An Interview with Associate Director of the Graduate Career Development Center, Anne Steen
Film by Kaveri Marathe (MSFS '13)
Article by Haysel Hernandez-Holschu (MSFS '13)
An unassuming office in the Intercultural Center houses the School of Foreign Service’s Graduate Career Development Center, where students can access a wealth of resources to guide them through their career and internship searches. Anne Steen, Associate Director of the GCDC, explained that attending graduate school is a life-altering decision and utilizing the time and resources offered at the School of Foreign Service can make that decision pay off.
“A graduate degree is a credential. Students come here to build a skill set. In a tough job market that is becoming increasingly over-educated, having a skill set is critical,” explained Steen.

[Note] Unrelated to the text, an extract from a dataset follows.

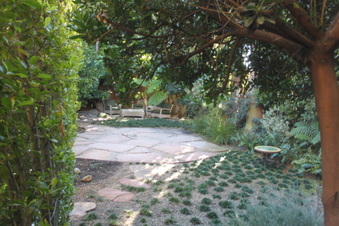 Enlarge photo 56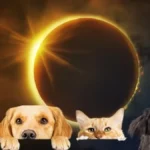 Eclipse solar parcial: así reaccionan los animales ante este fenómeno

Steen sees many benefits of visiting the Career Center versus searching for a position alone without guidance, “We can help students focus their job search. If you are here and we get to know you, we can help you with more tailored services.”
The CDC offers a range of services from individual counseling, workshops ranging from interviewing skills to cover letter writing, and Simplicity, a website popular with students where jobs are posted.
However, there are many pitfalls students stumble upon while on their career paths. While incoming students focus most of their time on academics, Steen reminds them of the need to engage with members of the Georgetown community outside the classroom. “Our first-year students make some common mistakes; they don’t realize the opportunity of networking right away and utilizing the resources on campus to do so,” Steen said, pointing to the alumni networks and connections to professors as ways of effectively beginning the networking process.
Steen encourages students to start working toward their careers early on in their graduate careers. In the Master of Science in Foreign Service program, students are required to complete an internship, an opportunity from which Steen said they shouldn’t shrink away. “The internship requirement is a must. The theoretical knowledge you are learning is important--applying that in the field is critical. [In addition, students gain indispensable skills and relationships by] finding a relevant internship and networking. It’s important to build skills that are transferable. During your internship, you learn to hone skills and demonstrate impact,” she clarified.
As a final remark, Steen reminds students to be open to learning outside the classroom in the global community of work offered by MSFS. “The MSFS brand is rock solid and there are many success stories. Utilize all the resources we give you,” she suggested.